The script takes some exciting, subversive turns that shift one’s understanding of what this film is from time to time, but it’s really the craft of Windfall that stands out the most. The striking production design by Andrew Clark, combined with meticulous blocking, framing, and lighting by cinematographer Isiah Donté Lee gives the film a distinctive visual panache. That holds true as well for the springy score by Danny Bensi and Saunder Jurriaans, which leans heavily into that vintage caper aesthetic. There’s a lot that feels familiar about Windfall, particularly with its premise we’ve seen before—most notably in 1994’s The Ref, which pitched acerbic thief Denis Leary up against bickering yuppies Judy Davis and Kevin Spacey––but the design choices from top to bottom help establish a sense of originality.
Segel and McDowell have built up quite a collaborative relationship at this point, having worked together on several short films, an episode of Segel’s AMC series Dispatches from Elsewhere, and most notably 2017’s underrated existential afterlife drama The Discovery. Their partnership has been a great fit as Segel has forged new ground in his oeuvre over the past decade, branching into dramatic roles and fascinating projects.

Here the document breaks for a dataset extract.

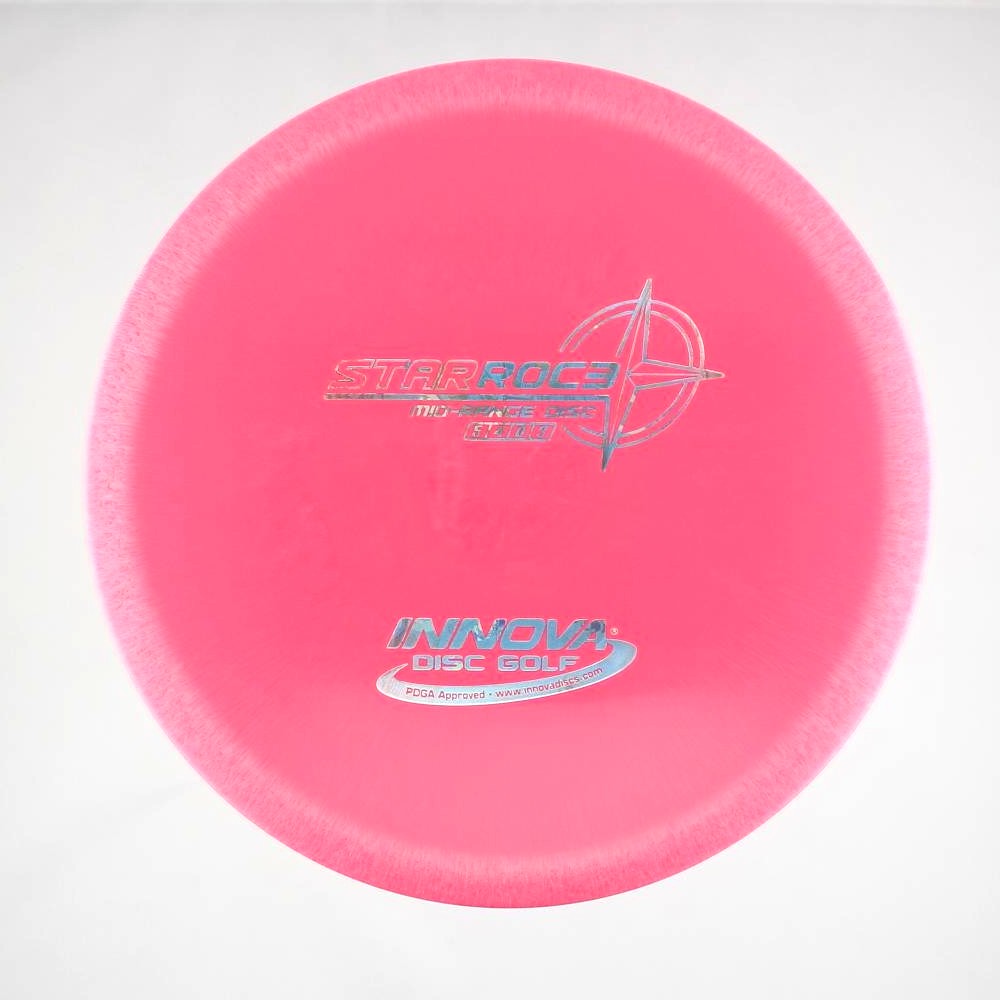 Roc3 - Standard - Pink - 139.4 gm -  Disc ID: 510890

The casting of all three leads is intriguing for different reasons, but it’s Segel who makes the most lasting impression, channeling the rage of his worn-out everyman trying to take something back. There’s a sadness to him, and a shift that occurs the moment Plemons and Collins arrive where you can tell in his eyes and the way he holds his body that he knows this isn’t going to end well for him. From the second they saw him, he was screwed, and now he’s just staving off the inevitable. Yet perhaps he always was. Maybe that’s why he was there to begin with. The script leaves his backstory rather ambiguous, a welcome choice that suits the character’s wisely guarded nature and lack of desire to reveal details about himself to his captives.
Plemons positively eats up this performance, taking on a boisterous, detestable tech CEO whose egotism runs so rampant that he can’t help but get further under Segel’s skin even as the man has a gun to his head. One of our best working actors, it’s a treat to see the newly-anointed Oscar nominee let loose without ever stepping over the line past believability. This is, sadly, a man we all know in a way, whose whining about how we’re living in “a world of lazy loafers and free-loaders” who “spend all their time bitching and moaning” leads directly into his treatise on the plight of the rich white guy in today’s society. It’s not a particularly layered role, but he makes it come alive. As his wife, Collins is given the far more complex turn, a woman who clearly hates her husband and has a lot of regret about the life she’s chosen to lead. Unfortunately, the script lets her down by not engaging enough with this aspect of the character, and Collins’ performance falls a bit flat as a result.
Windfall uses the dynamic between the three leads to probe into themes of class hierarchy and gender roles, but something about those explorations feels undercooked. There’s a sense of this being more of a first draft of a stronger picture, one that could have built out those concepts into something more substantive, as opposed to merely scratching the surface.
Nevertheless, it’s an entertaining watch, with plenty of peculiar touches, such as very early on when Segel demands $150,000 in order for him to leave and Plemons and Collins end up talking him up into demanding more, because surely he needs $500,000 instead to realistically start a new life. It’s moments like these, with this strange cordiality between the characters, that makes Windfall a bit more of a distinctive time than you might expect, but its svelte 90 minutes feel too low-stakes to land much resonance once it’s over––especially after a final act that takes a few unconvincing narrative directions.
Windfall is streaming on Netflix now.